The campaign office buzzed with the usual, hollow energy burnt coffee, paper stacks pretending to be order, phones ringing without conviction. When I walked in, the sound fractured. People froze mid-sentence.

A boy near the door probably still figuring out how to make coffee without spilling it looked at me like he’d seen a ghost. “Mrs. Cole… we didn’t expect you today.”

“No one ever does,” I said, brushing past him. “I’m just here to help with donations. Alfred mentioned things were a mess.” He hadn’t, of course. But no one corrected me. They just stared the way people do at someone who might be carrying a lit match.

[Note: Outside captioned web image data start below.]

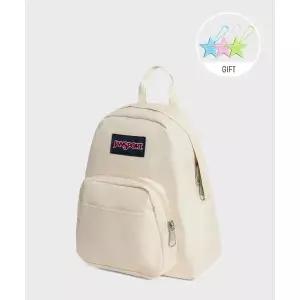 잔스포츠 JANSPORT 가방 책가방 백팩 [별 클릭커 키링 ] 하프파인트 미니백팩 SOFT TAN
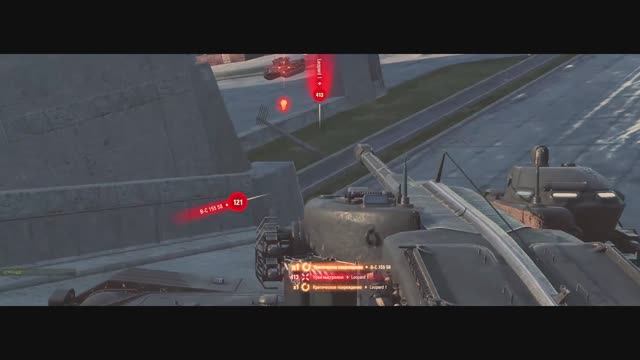 Мир танков Grayhound 5k урона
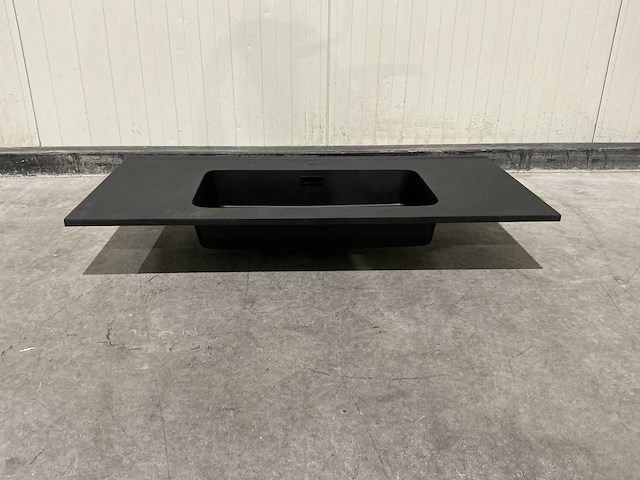 Allibert 101cm plan polybeton 1v 827781 wasbak - afbeelding 20 van  33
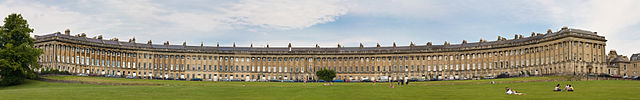 File:Royal Crescent in Bath, England - July 2006.jpg
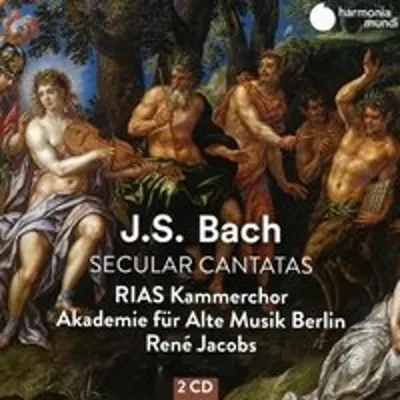 Obrázok produktu pre Johann Sebastian Bach (1685-1750): Kantáty BWV 201,205,213 - harmonia mundi - (CD / K)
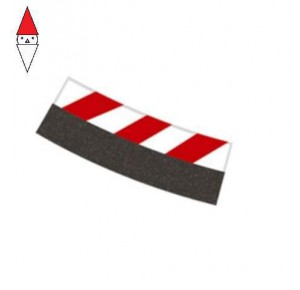 , , , CARRERA CORDOLI INTERNI PER CURVE 4/15 (12) PIU TERMINALI (2)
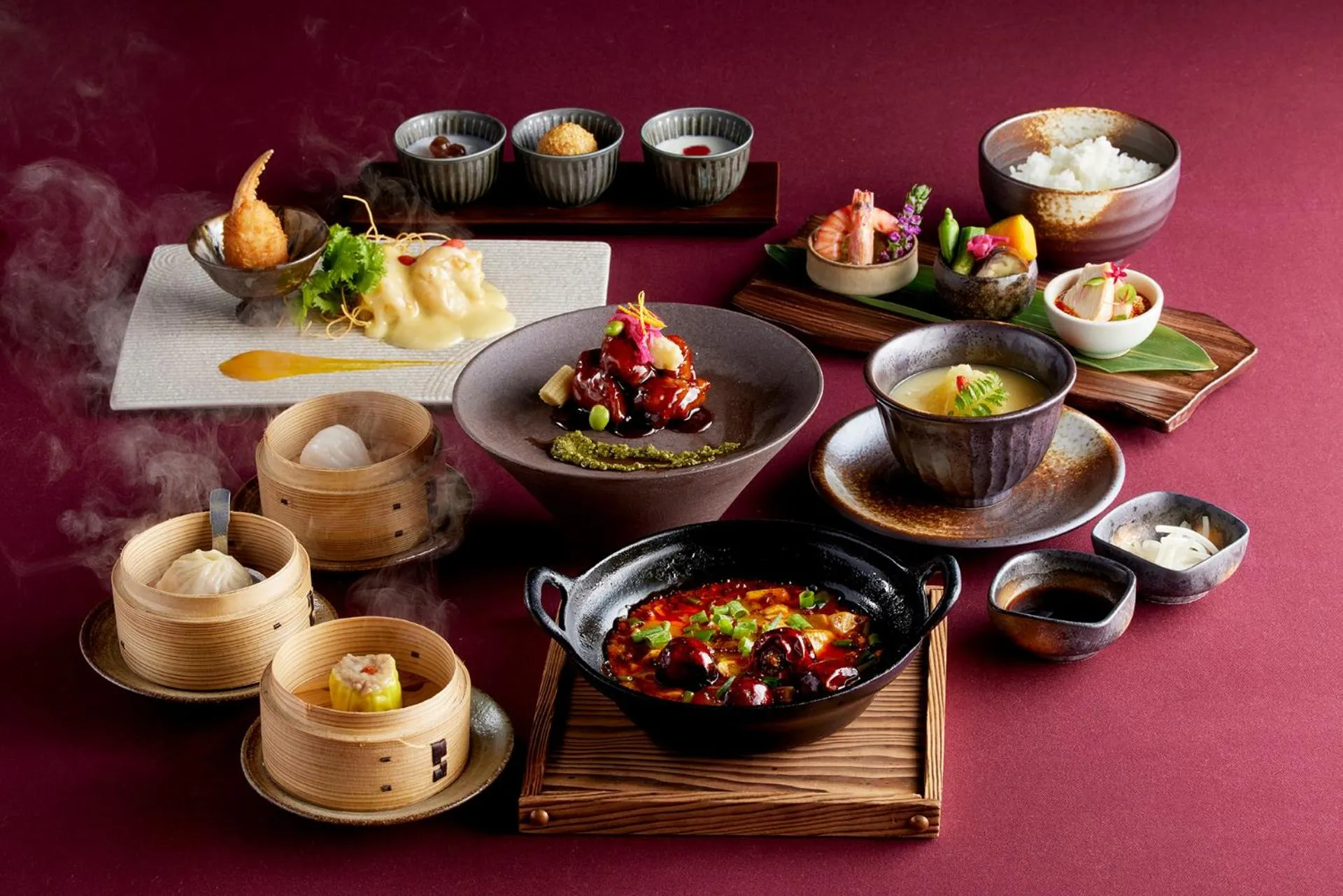 Restaurant/places to eat in Miyako Hotel Gifu Nagaragawa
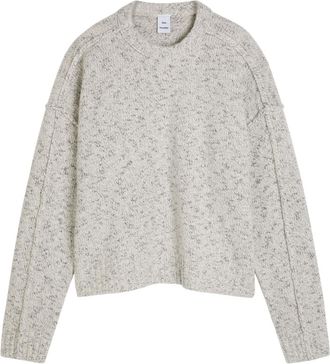 Won Hundred Bently Wool and Cotton-blend Jumper - Grey - M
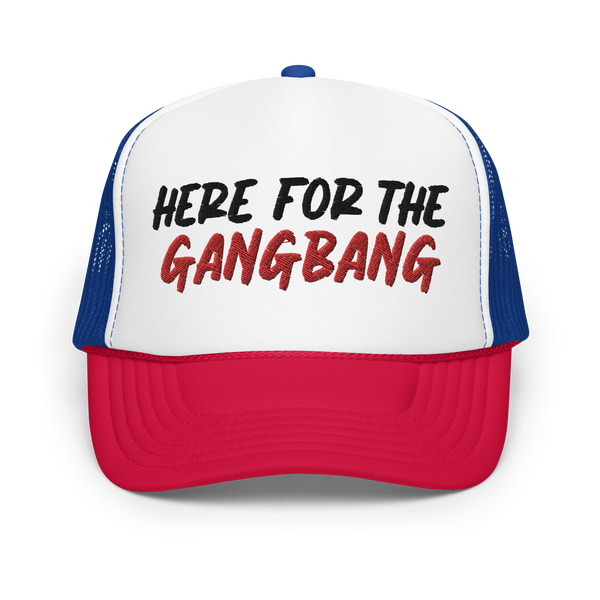 HFTGB Foam Trucker Hat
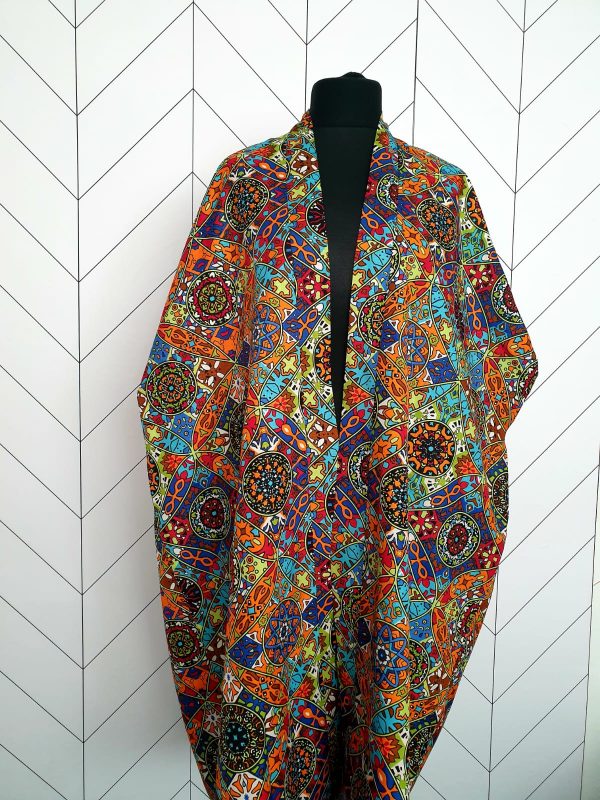 Kimono jacket - 100% cotton on Udara London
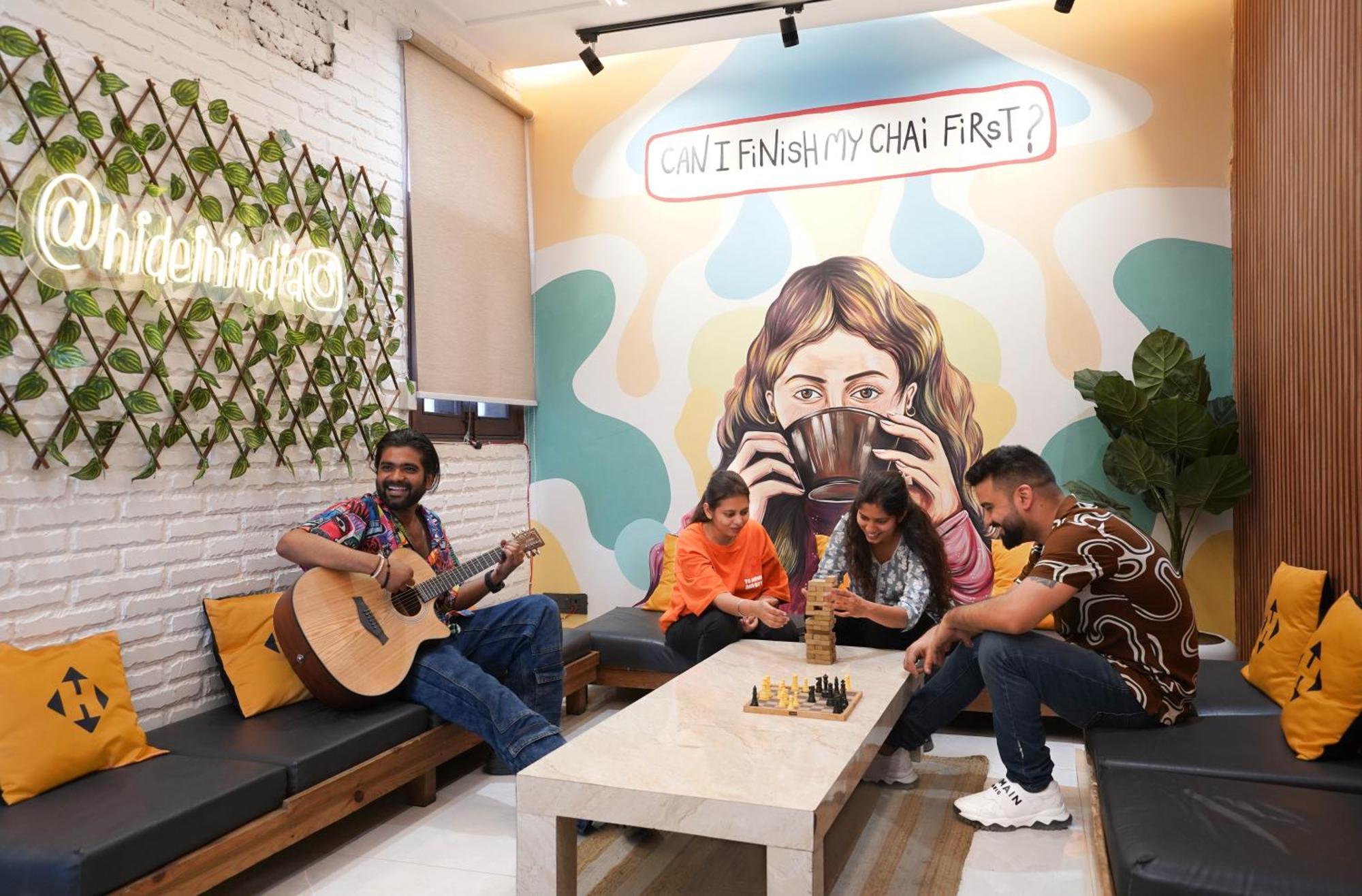 Hide-In Hostel Delhi Ню Делхи Екстериор снимка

I moved through the rows of desks their posters smiling down at me: Integrity. Vision. Trust. It was almost poetic in how fake it felt.

Then I saw her.

Julia.

Typing fast, pretending not to see me. Her hair was tied up tight, her blouse buttoned like modesty could erase sin. She smelled of nervousness that sweet, sharp perfume that comes from fear trying to act like grace.

“Julia,” I said.

Her fingers stopped, the screen in front of her flickering with data she’d already stopped reading.

“Mrs. Cole,” she said softly, “I was just …the senator asked me to…”

“I’m sure he did.” The room thinned around us. No one breathed too loudly.

“Come here,” I said. She stood slowly, knuckles white around the edge of her desk. The walk from her chair to me couldn’t have been more than six steps, but by the time she stopped in front of me, her eyes were already shiny.

“You’ve been working very closely with my husband,” I said, voice even, controlled.

“Yes, ma’am. Strictly professional.”

I smiled. “Strictly.” The word felt like glass between my teeth. “You’re a hard worker, aren’t you?”

She nodded too fast.I didn’t let her finish. The room held its breath. I wasn’t supposed to be here. I shouldn’t have come. And yet, I felt this strange relief in facing it seeing him and her together in the same space.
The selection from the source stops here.